Epidermolysis bullosa acquisita is also associated with Crohn disease, an inflammatory bowel disease characterized by T-cell infiltration in the small intestine. Type VII collagen is expressed in intestinal epithelial basement membranes. The association of epidermolysis bullosa acquisita and inflammatory bowel disease may have an immunologic basis. It has been observed that a significant number of patients with Crohn disease have circulating IgG autoantibodies that recognize the NC1 domain, as demonstrated by enzyme-linked immunosorbent assay (ELISA), although they do not have epidermolysis bullosa acquisita clinically. The presence of these autoantibodies may represent a preclinical epidermolysis bullosa acquisita phenomenon, induced by the release and exposure of intestinal type VII collagen to autoreactive lymphocytes because of epitope spreading caused by the inflammatory reaction in their gastrointestinal tract.

In some patients with epidermolysis bullosa acquisita and bullous SLE, circulating autoantibodies against other skin basement membrane components, such as bullous pemphigoid antigens, laminin-5, and laminin-6, in addition to type VII collagen, have been reported. These observations further support the role of epitope spreading. [15, 16, 17]




Epidermolysis bullosa acquisita (EBA) is a rare disease, with an incidence of 0.26 case per million population, which is 5% of all blistering diseases. [18]


The race distribution of epidermolysis bullosa acquisita (EBA) is not known.


The sex distribution of epidermolysis bullosa acquisita (EBA) is not known.


Epidermolysis bullosa acquisita (EBA) can occur at any age.
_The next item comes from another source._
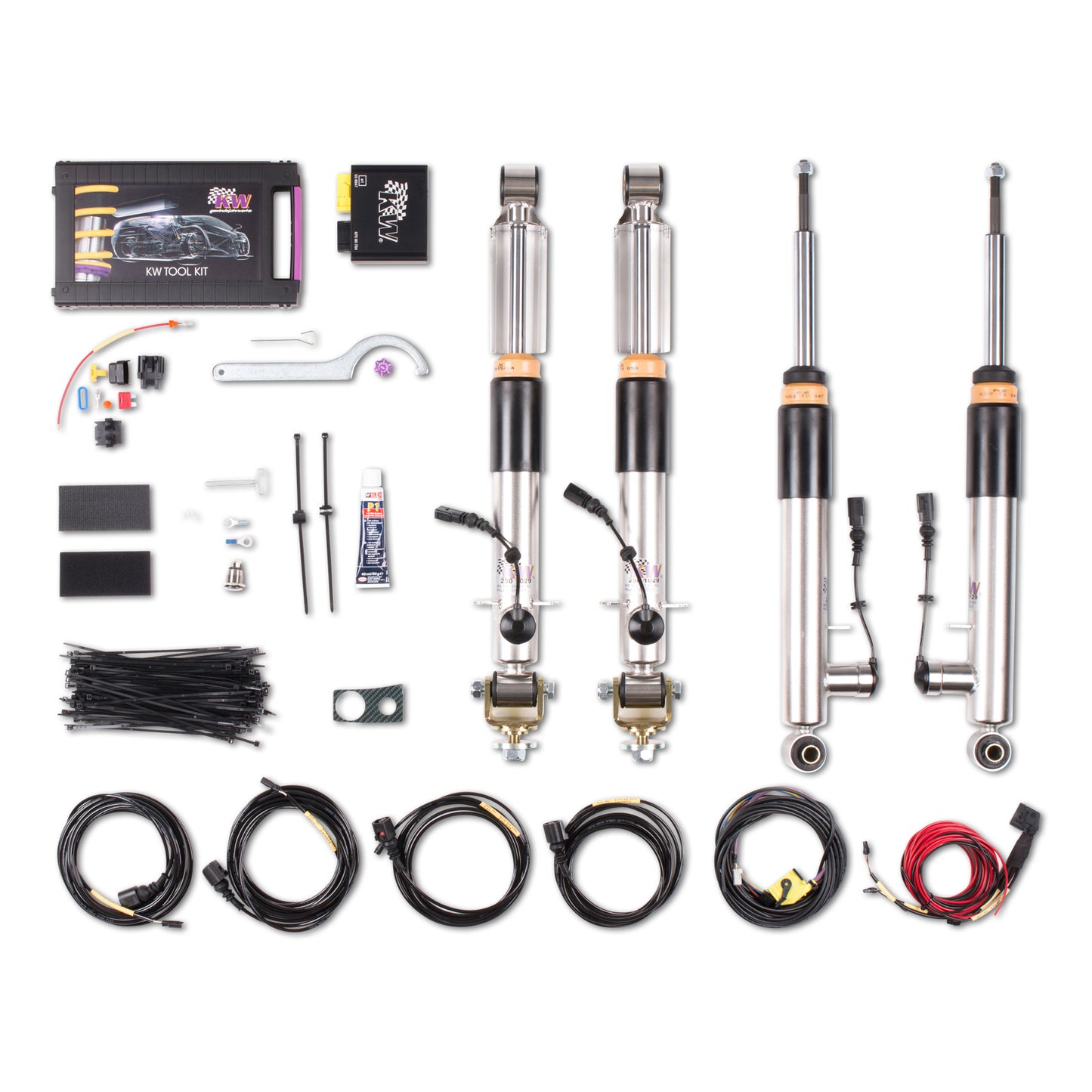 KW Suspensions 39025016 KW DDC ECU Coilover Kit - Mercedes G63 AMG (W463)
It more frequently affects elderly persons, with a peak in age of onset in the seventh decade of life; however a second peak has been observed in the second decade. [19] Children have also been reported, including one child with the onset of epidermolysis bullosa acquisita in utero. [20]
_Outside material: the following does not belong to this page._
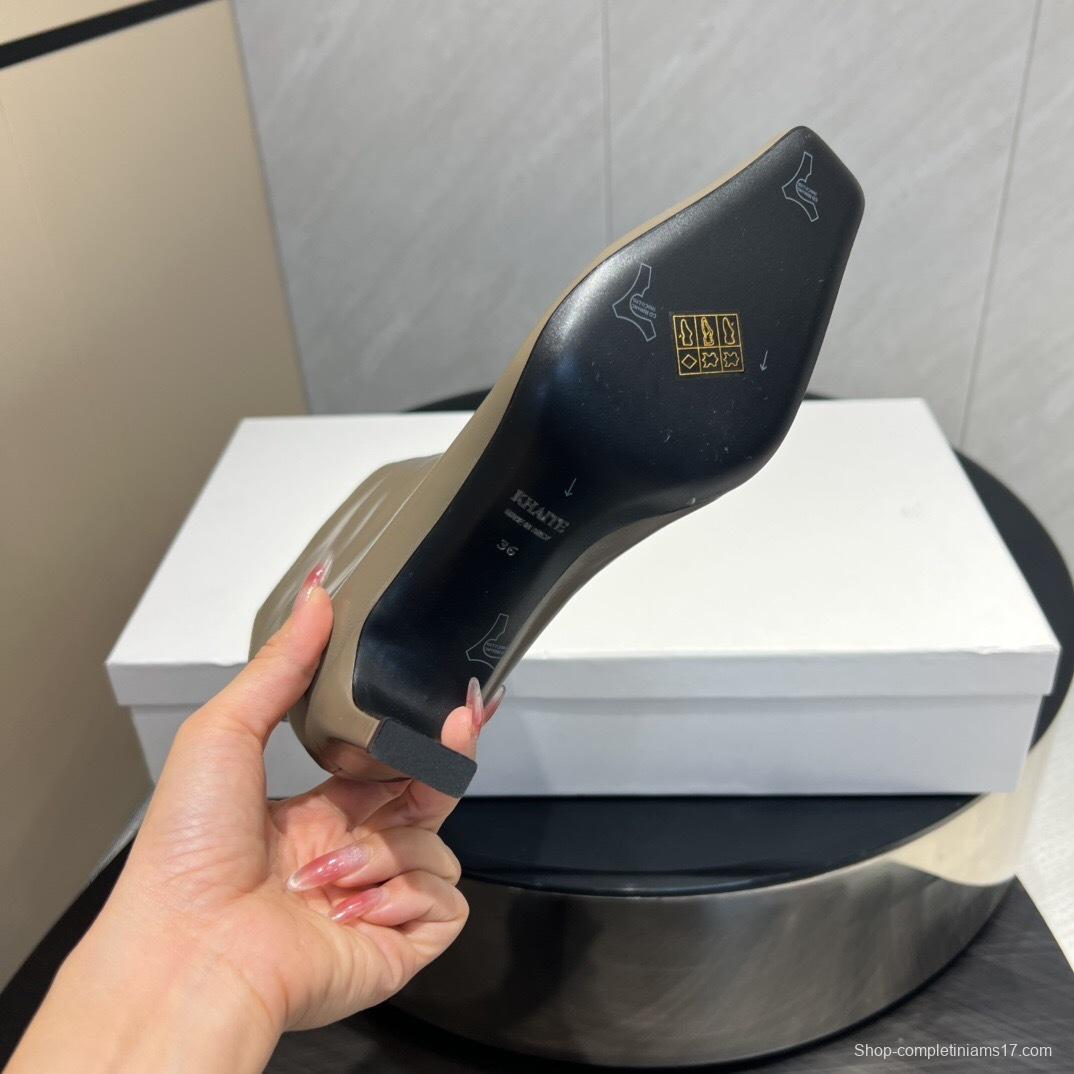 Khaite 2025 SS Collection Square Toe Slip-On Ankle Boots - KFY00390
Patients with epidermolysis bullosa acquisita (EBA), if treated and cared for properly, should expect to live a normal life span.
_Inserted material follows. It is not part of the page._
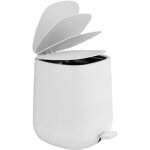 Poubelle de salle de bain avec p�dale davos, noir mat, 5 l, wenko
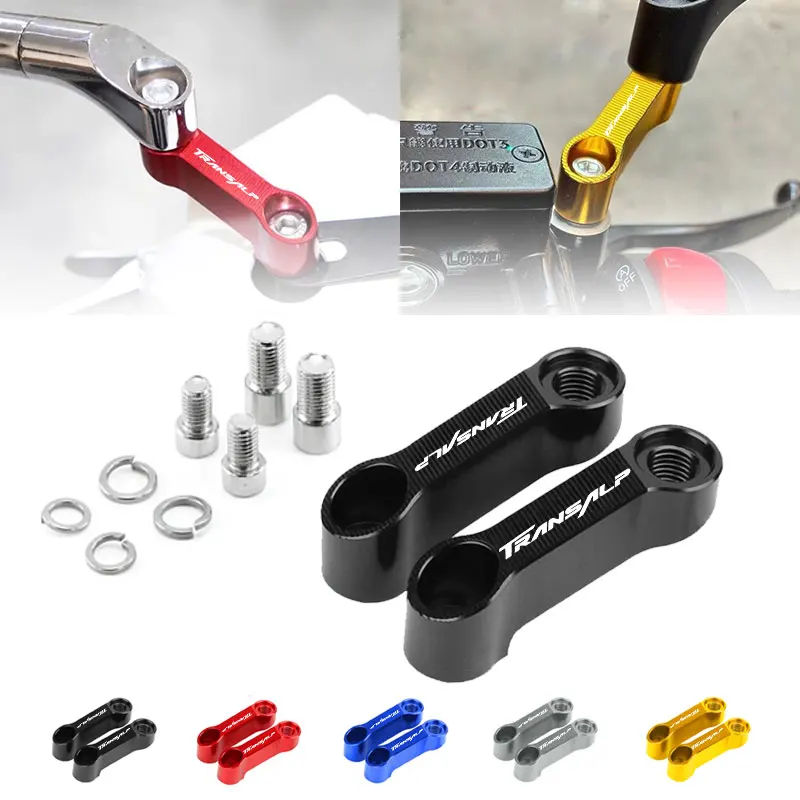 Für Honda XL600V XL650V XL700V XL750V Transalp 2023 Rückspiegel Verlängerung Riser Verlängern Adapter Motorrad Zubehör Image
Epidermolysis bullosa acquisita is a chronic inflammatory disease with periods of partial remissions and exacerbations. Prognosis from one retrospective analysis showed a median time to remission of 9 months. Tracking of complete remission at 1 year, 3 years, and 6 years was reached in 33%, 33%, and 45% of patients, respectively. [21] Although complete remission may be achieved, long-term maintenance therapy is likely required for disease control.

Mortality as a direct consequence of epidermolysis bullosa acquisita is rare; however, epidermolysis bullosa acquisita is relatively unresponsive to treatment and can cause significant morbidity. Adverse effects associated with the medications used to treat epidermolysis bullosa acquisita are also associated with significant morbidity.


Patient Education

Since both trauma and autoantibodies contribute to blister formation in epidermolysis bullosa acquisita (EBA), patients require education about the disease. They also require significant education about the medications and the associated adverse effects and drug interactions of these medicines.

The first aspect of patient education is trauma avoidance. Patients with epidermolysis bullosa acquisita should be instructed to avoid contact sports whenever possible and to use protective padding on their extensor skin surfaces on a regular basis. Those with oral involvement need instruction on oral hygiene and diet. They should avoid foods that induce significant mucosal injury such as pretzels, nuts, chips, and other hard foods.

The second aspect of education is their medication. Patients with epidermolysis bullosa acquisita should be educated about the potential adverse effects of their medication, such as infection, malignancies, osteoporosis, aseptic necrosis, peptic ulcer disease, and adrenal insufficiency. Patients should be familiar with the symptoms and signs of these adverse effects and should report any changes in their health status to their physicians.